The relative price you mentioned of mobile broadband vs cable confuses me. You are either getting colossally ripped off for cable broadband or you are not pricing unlimited plans for your mobile broadband cards. Normally, unlimited plans are around $50/mo. Get it. Trust me. I've got a friend at Sprint who's got stories of peoples' laptops getting trojaned and winding up with a $2000 bill in the mail for bandwidth overage. And I'm assuming that you and your wife are each getting a separate plan.
Or let's say you've got an excellent signal and ridiculous speeds at your house, are not a warez monkey, and you want to share a single card between you and your wife. Well, you can get a broadband router which takes PCMCIA mobile broadband cards. I picked this Airlink 101 at Fry's for $80. It's got an Ethernet switch and is an 802.11b/g access point.
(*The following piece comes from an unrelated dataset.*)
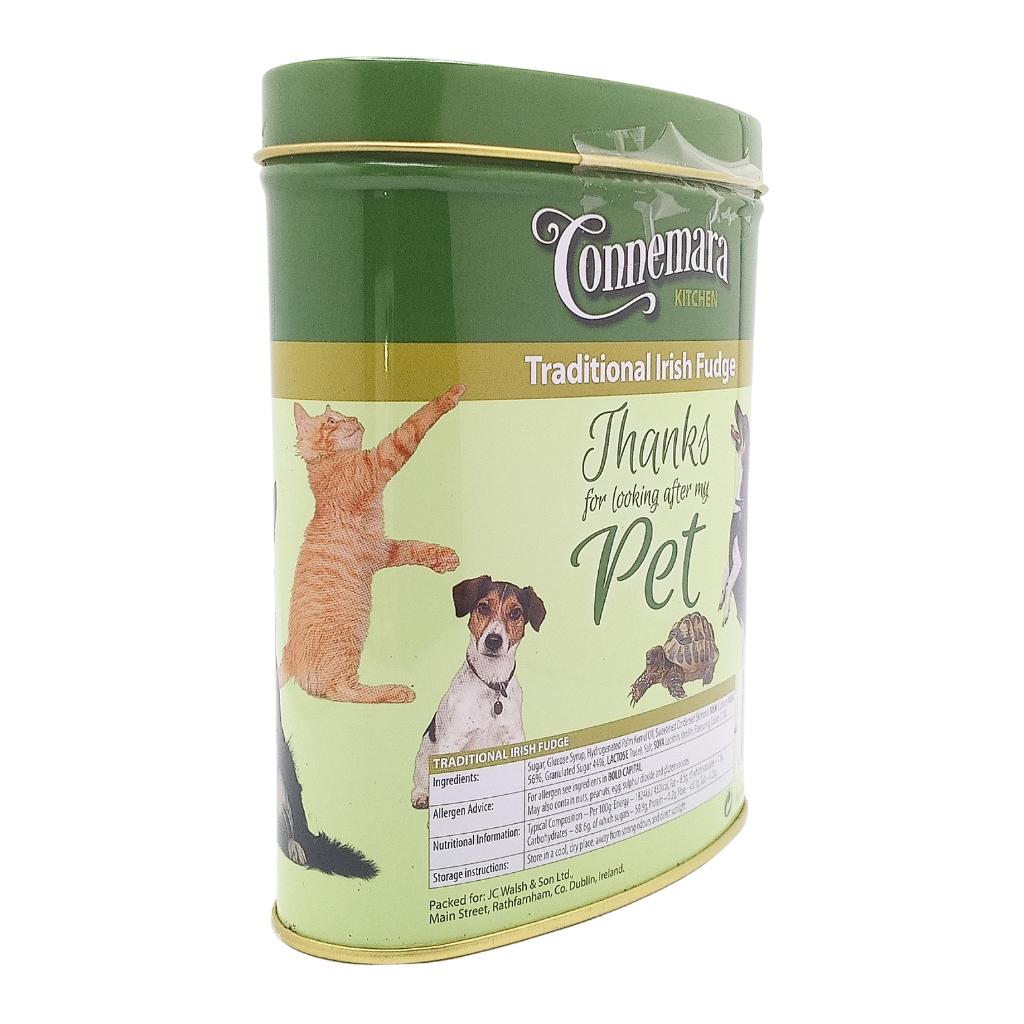 'Thanks For Looking After My Pet' Gift Tin - Irish Fudge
Only problem is if one of you goes on a trip and takes the card the other will have to steal the neighbors' WiFi.
-R
On your point of "luck" about the GP's claim of speeds, you missed that he said HSDPA, which is sometimes called "3.5g" it's much faster than 3G, it's just similar enough tech to not warrant considering it a new generation of connectivity.
Just wanted to clear that up for anyone following this for bandwidth curiosities.
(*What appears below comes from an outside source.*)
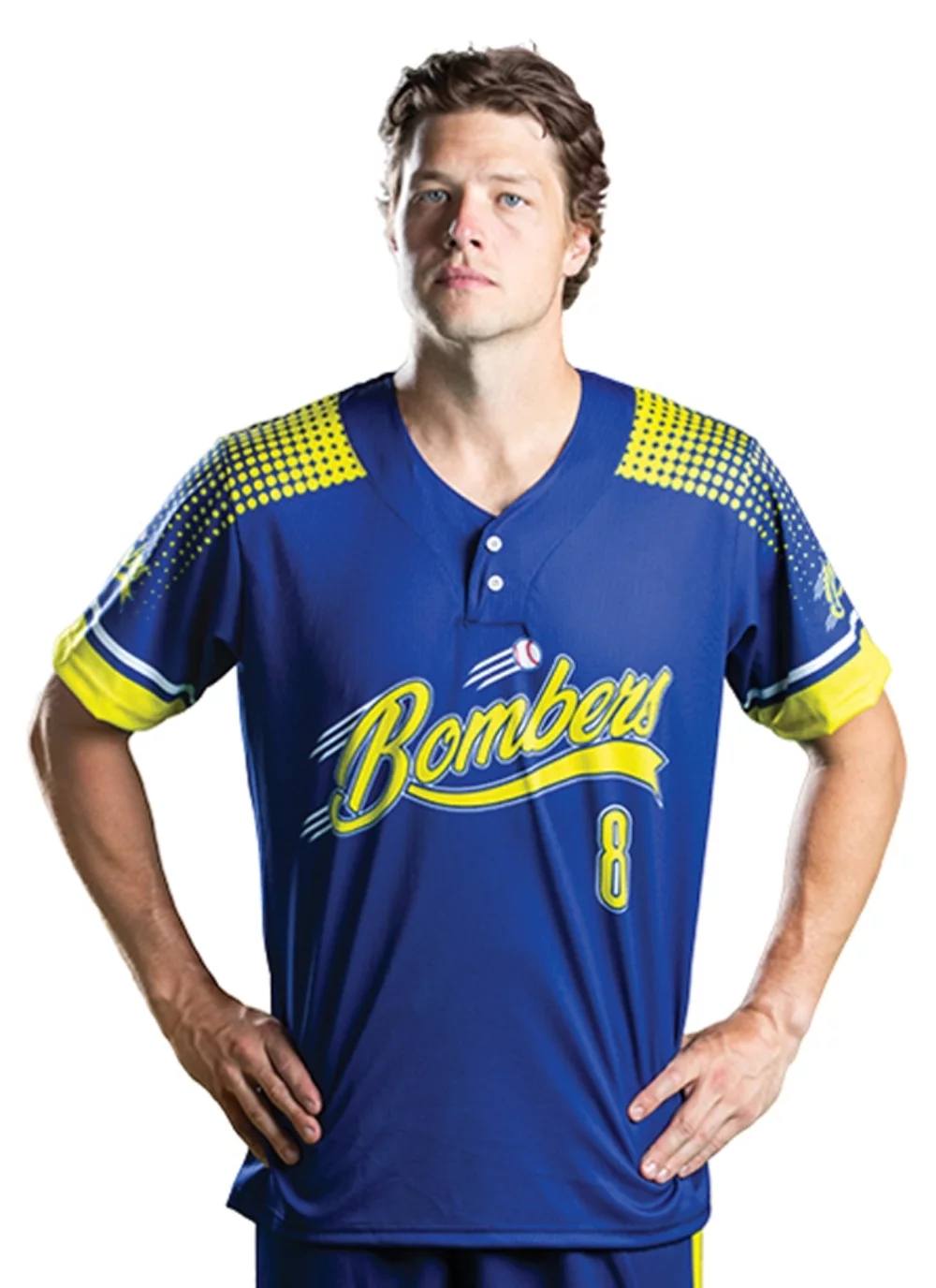 Maillot de baseball à deux boutons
I read the script, and I think it would help my character's motivation if he was on fire. -Bender
I have a landline ADSL with 1 ISP plus HSDPA cellular broadband with all (3) cellular ISPs that operate here. Cellular broadband is not supposed to replace landline broadband, it is simply for when you are out or whenever the landline isn't working. The latency of cellular access is too high compared to landline, the signal indoors is often poor (but you can use signal boosters), and many times even if one day you have signal after a few days you may find that the signal is gone because tower locations change often and not only that but the connection quality is also dependent on how many people connect near your tower. Not only that, but some cellular ISPs do not give you a real IP, or force you to use their proxy server (easily bypassed though) or even force you to use only their own software (also easily bypassed if you flash the firmware of your router or if you use a free OS such as Debian).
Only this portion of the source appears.